Angel An is a junior at Columbia College studying arts management, with a focus on visual arts. She started out at Beijing International Studies University, then transferred to Columbia her sophomore year. After graduation, she’s hoping to land a job at a museum or auction house — and down the road, she’d love to help build cultural and artistic connections between the East and the West. 

I grew up on the edge of Beijing—right where the Fourth Ring meets the Fifth. Not quite city, not quite countryside.  
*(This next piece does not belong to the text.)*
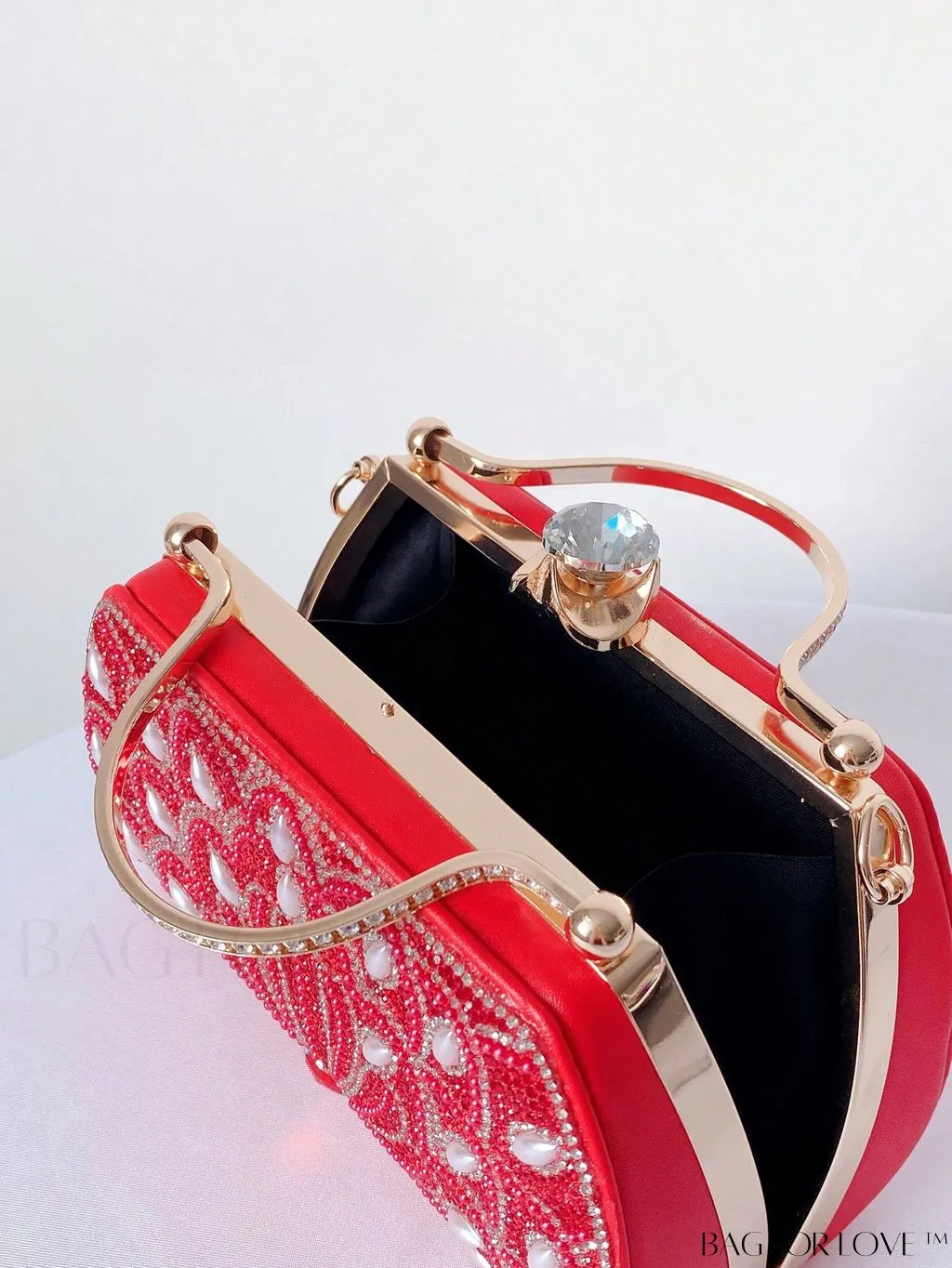 BagForLove - Glamorous Rhinestone and Pearl Mini Box Bag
Beijing is built in rings, and people from Beijing have this almost supernatural sense of direction. You could drop us anywhere and we’ll still point north. It’s just in the bones. I lived within a 20-kilometer radius for the first 18 years of my life. Same schools, same streets, same markets. And not just me—my parents, my great-grandparents, all in that same small loop. Four generations. 

There’s a Chinese saying: Falling leaves return to the root. No matter how far you wander, you come back to where you started. I always understood it. Now I’m starting to feel it. 

I watched that little place change. Fields became shopping centers. Dirt roads became highways. The city kept eating the countryside, and I kept watching from the edge. 

Now I’m in Chicago—my second year. I’ve never lived anywhere outside Beijing this long. I’m starting to know this city’s smells. The lake. The trains. It’s not home yet, but it’s becoming familiar. 

What I miss most is the food. Not fancy—just my mom’s cooking. Beijing food is solid, warm, made for cold winters. I hope someday I can cook for my kids the way she cooked for me. Not the recipes—the feeling. That someone took care. 

Beijing isn’t just the Forbidden City. It’s also the edges. It’s four generations in one small loop. It’s people who can point north in the dark. 

Leaving that loop is the hardest thing I’ve done. But maybe roots aren’t just where you’re from. They’re also what you carry. 

I carry Beijing. And I’m learning to carry Chicago too.